The finding that visual hallucinations were the most commonly reported symptom, especially among men, is surprising, given that this symptom is not often associated with non-organic psychosis in clinical settings. However, this finding is similar to that reported in the National Comorbidity Survey Replication, where the CIDI screening item for visual hallucinations had the highest rate of endorsement 1. In that survey, even though a high proportion (25.4%) of the experience of visual hallucinations was classified as odd but not psychotic, about one-third of the 6.3% screen positives were classified as either probable or possible cases of non-affective psychosis, thus giving a prevalence of over 2%, an estimate that is much higher than reported here. It would appear that, at least in the community, visual hallucinations are not an uncommon experience for persons with non-affective psychosis.
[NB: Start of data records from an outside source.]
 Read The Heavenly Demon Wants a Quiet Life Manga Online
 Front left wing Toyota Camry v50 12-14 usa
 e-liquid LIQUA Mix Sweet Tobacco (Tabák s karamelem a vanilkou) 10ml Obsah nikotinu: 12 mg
Even though the relative rarity of psychosis in this community study has resulted in a small number of cases and consequent poor statistical power for analytic exploration, the correlates of psychosis that we found are in accord with those of previous reports 1,6,16-18. Persons with psychosis were more likely to be male and less likely to be married. An interesting observation is the clear association with urbanicity. A somewhat similar observation had been made in Ethopia 16, even though that study was conducted in a relatively narrower geographic spread than the present one. We have not explored whether this association is with urban upbringing or with urban adult residence, so we are unable to speculate whether this association reflects developmental mechanisms or reversed causation. Nevertheless, the association is of int6erest, because the form and import of urbanicity must be different between a developing sub-Saharan African country and Western European countries where such finding has been previously reported 3,19,20.
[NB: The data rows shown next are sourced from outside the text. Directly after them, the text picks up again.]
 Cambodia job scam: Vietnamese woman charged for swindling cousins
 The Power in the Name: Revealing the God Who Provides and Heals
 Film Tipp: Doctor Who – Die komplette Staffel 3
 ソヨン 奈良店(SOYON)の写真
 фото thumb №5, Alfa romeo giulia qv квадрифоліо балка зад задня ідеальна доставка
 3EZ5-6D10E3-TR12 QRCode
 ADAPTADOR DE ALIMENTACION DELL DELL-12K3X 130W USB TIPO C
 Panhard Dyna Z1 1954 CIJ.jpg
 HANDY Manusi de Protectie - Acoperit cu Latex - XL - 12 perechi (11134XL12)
Lifetime psychotic experience was also associated with an increased likelihood of other mental and substance use disorders, either occurring over a lifetime or in the prior 12-months. Persons with lifetime psychosis were more likely to report functional role limitations and disability, especially in regard to inability to perform usual role and disability in cognition and social roles. These correlates, very similar to those reported by Kessler et al 1, are important not only in showing the level of disability among these community cases but also in providing a validation for the ascertainment procedure used in this report. Nevertheless, we think that, for reasons stated below, our estimate was probably very conservative.
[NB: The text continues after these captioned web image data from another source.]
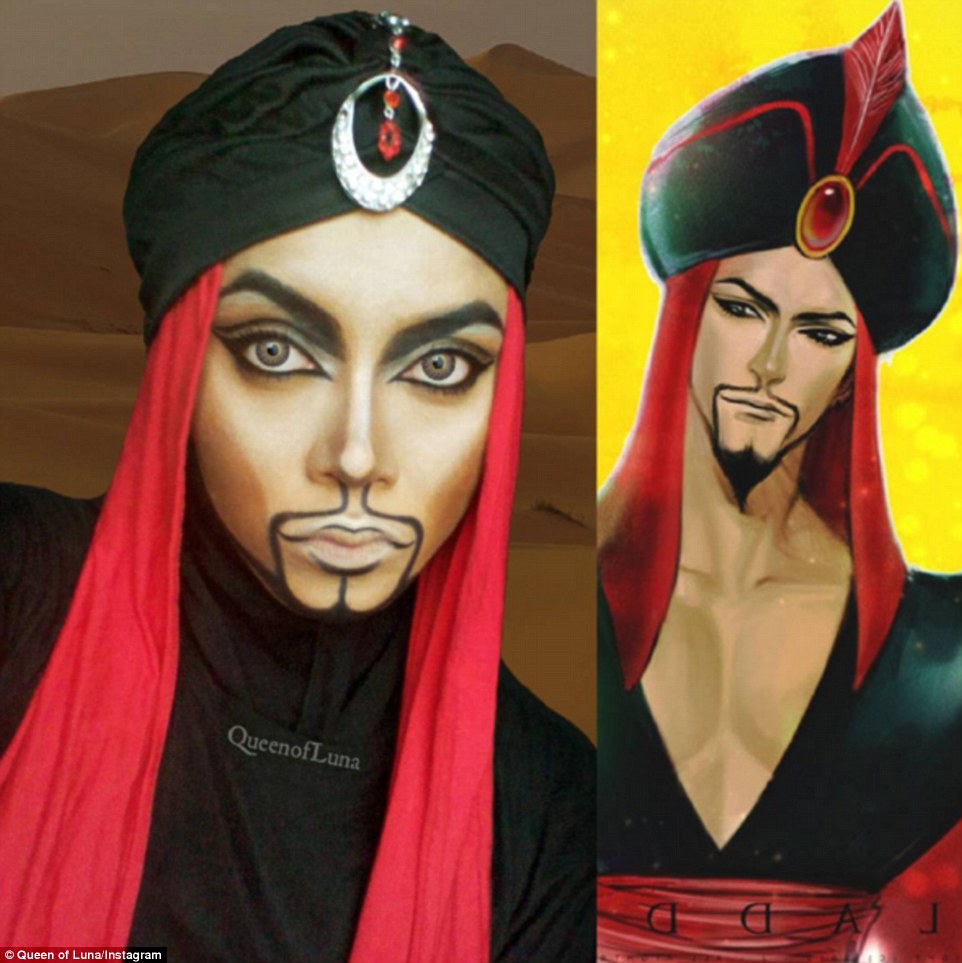 3191B2A600000578-3465000-Jafar_from_Aladdin_The_self_confessed_comic_geek_and_Disnerd_doe-m-49_1456459061787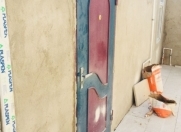 Satılır 3 otaqlı 60 m2 həyət evi Bayıl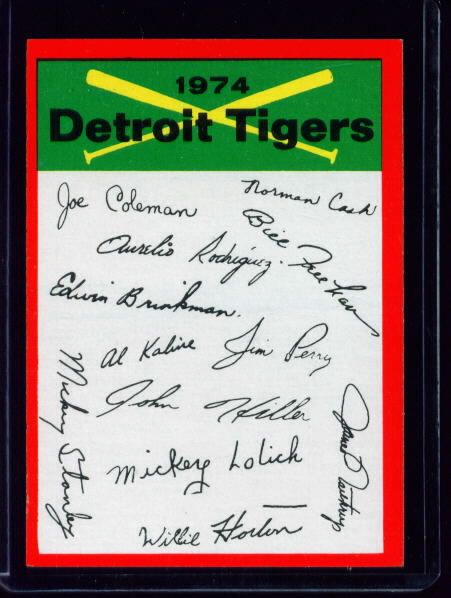 74TC Detroit Tigers.jpg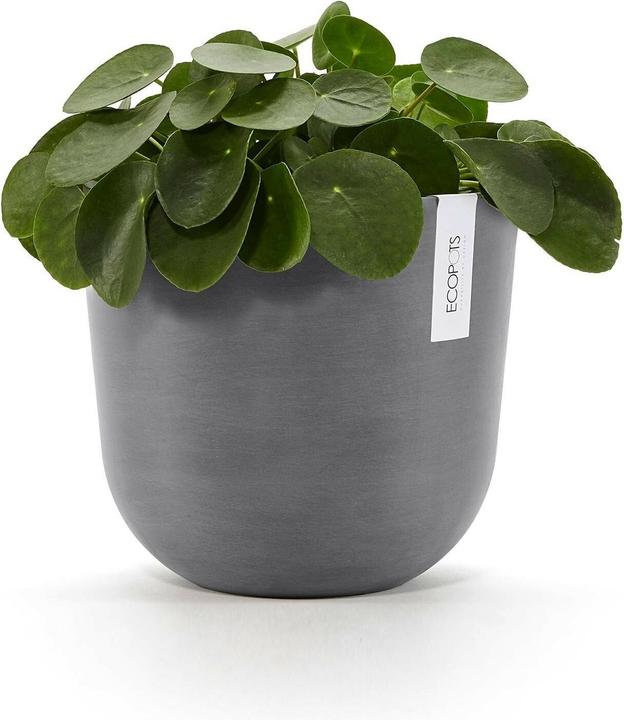 Produktbild Ecopots Oslo (25 x 21.80 cm)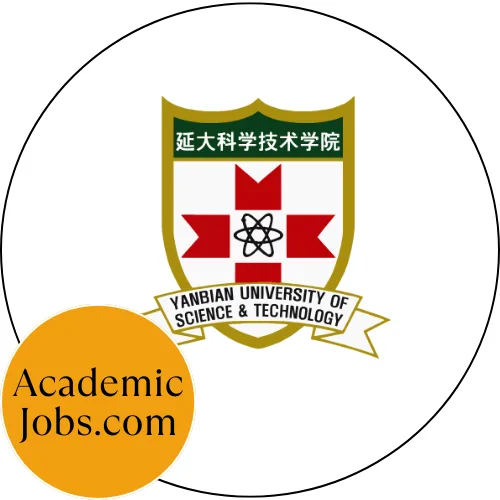 Yanbian University of Science and Technology
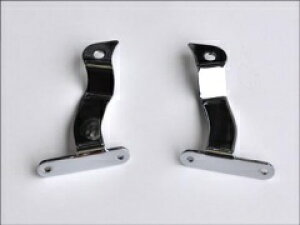 CHIC DESIGN VbNfUC KCKgbgCi tXe[ [t@[X KAWASAKI JTL ̑nhK[hIvVECi nhӃp[c nh
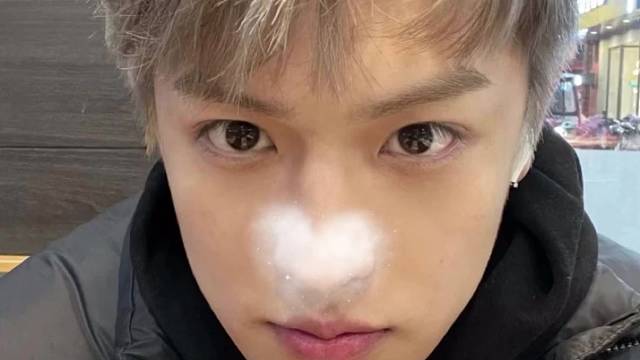 新人初乍到来多多关照哦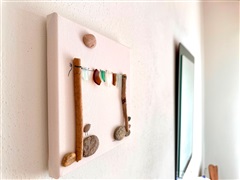 appartamento-in-vendita---caorle-22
Epidemiological studies of psychosis in a developing country face a dilemma. As shown in this report, a considerable proportion of persons with lifetime experience of psychosis do not seek formal care, either because of inaccessibility of service or because of stigma 21. Yet, it is possible that a household survey, such as we employed here, may capture those at the milder end of the psychosis spectrum. On the other hand, studies at service points, such as those carried out in better resourced settings 22, would provide a very skewed profile in a developing country setting. At those points, it is conceivable that those with behavioural problems, especially those of aggression and violence, will predominate, with consequent undercounting and unrepresentative clinical profile. The study by Kebede et al in Ethiopia 7, where key informants identified more cases of schizophrenia than did CIDI interviews, would tend to suggest that non-response and denial of symptoms might have played a part in reducing the sensitivity of the CIDI in that setting. It would therefore appear that case identification in a developing country setting would be strengthened by a combination of strategies 6. These may include identification from various service points (including spiritual and traditional healing homes) to assess persons with more disturbed behaviour, use of key informants to pick cases of overt behavioural problems that may not have led to treatment seeking (such as those with predominantly negative symptoms), as well as household surveys to help identify cases with covert or overt symptoms (such as the positive symptoms elicited by the CIDI) who may have not sought treatment.